Immigration law is tasked with determining who should be removed (deported) from the United States. Theoretically, that adjudication takes place before an immigration judge, who works for the Department of Justice. A lawyer for the Department of Homeland Security represents the government. There is a good chance the foreign national has no attorney, especially if the individual is detained during the removal process. It is hard to be excited about the immigration court adjudication system; it has a lot of problems. The backlog of cases in the immigration courts has pushed over 600,000. Immigration judges and members of the administrative appellate board are not Administrative Law Judges and lack decisional independence. Immigration judges hardly get any training. Federal courts have expressed displeasure with the quality of adjudication, which is especially disconcerting given that Congress has implemented restrictions on judicial review. What would the courts think of what they do not see?
As challenged as this system is, at least it is a system of adjudication. Over the years, the consolidation of functions dilemma has been at least partially addressed, purposefully, by making immigration judges part of the Department of Justice and government “prosecutors” part of the Department of Homeland Security. There also have been some improvements in representation for foreign nationals.
However, the immigration court system of adjudication is actually just a minor player in immigration adjudication. The lion’s share of immigration removal adjudication does not occur in immigration court. It takes place outside of the immigration court system altogether.
I recognized these diversions back in 2009, and others have done wonderful work also studying this phenomenon. Diversions include waivers of rights to a hearing before an immigration judge, prosecution of foreign nationals for immigration crimes in federal court rather than civil violations in immigration court, reinstatement of removal, administrative removal, and expedited removal.
The diversions really have become the main event, and they are poised to further minimize the role of immigration court adjudication if (when?) President Trump further expands expedited removal. As I have said, the failings of the immigration court system are not an excuse for an end run around the system.
What is problematic about these diversions? First, many fail the administrative process design criteria of accuracy, efficiency and acceptability. Second, diversions exacerbate concerns about government power. When the removal decision comes outside of immigration court, any benefit from the design of the immigration court system is lost. In a diversion, the removal decision is consolidated within one agency, as opposed to two.

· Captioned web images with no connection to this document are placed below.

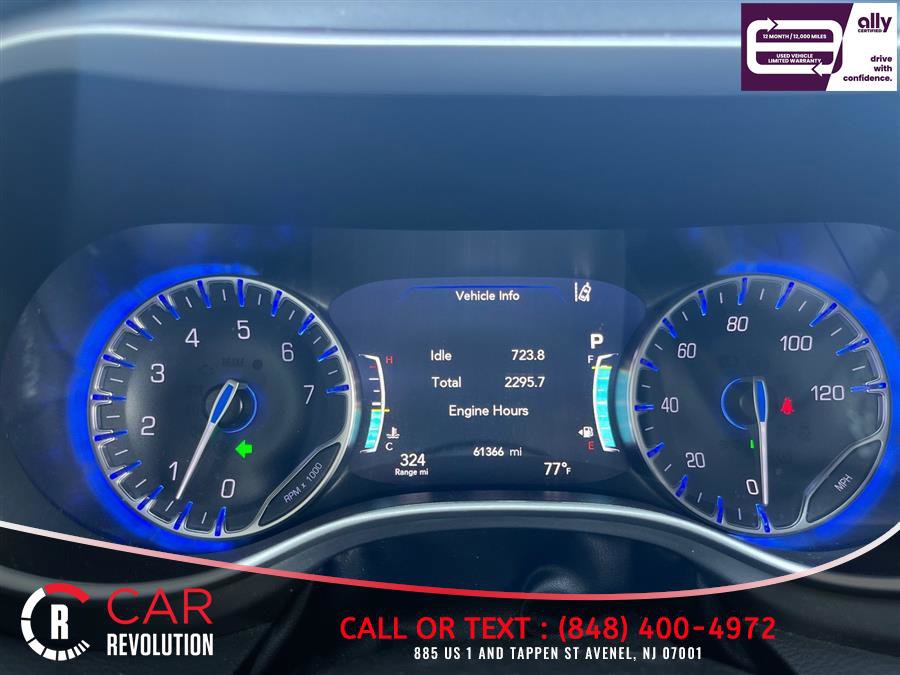 Used 2023 Chrysler Pacifica Touring-L FWD image 29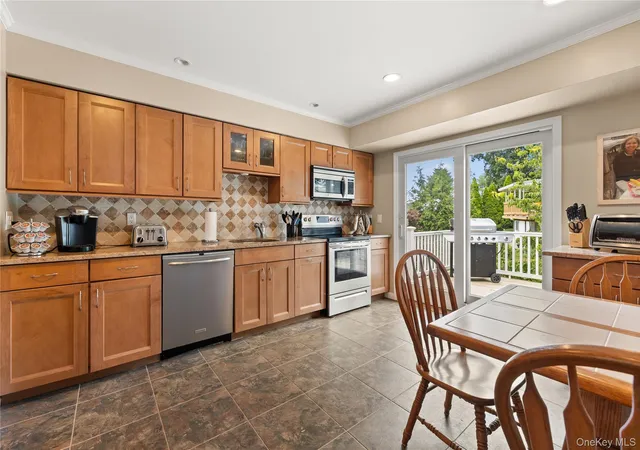 3rd image of 36 Fairway Dr, Oyster Bay, NY 11804 | MLS# 1023108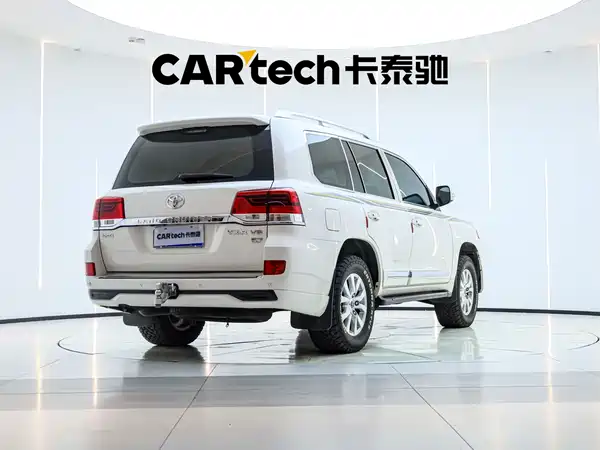 Toyota Land Cruiser 2013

In expedited removal, for example, the decision to remove is made by a front-line officer, and is subject only to supervisory review within the same agency. Diversion-based adjudication like expedited removal also is less transparent and is closed to public observation. Third, these procedural shortcuts are bad news for the state of administrative adjudication generally. Accepting this kind of end run institutionally weakens principles of adjudication. Fourth, diversions stifle efforts to normalize immigration law. We should be moving toward treating immigration law like any other area of law and holding it to core standards. Diversions send a signal that our standards are negotiable in the context of immigration law.
I am not fundamentally opposed to the use of diversions from immigration adjudication. But many diversions are hopelessly flawed, and diversions have become the new norm, rather than an occasional alternative. We need new terminology for what is going on. What do you call an adjudication system that is really all about avoiding adjudication? Should we call these diversions “fake adjudication?”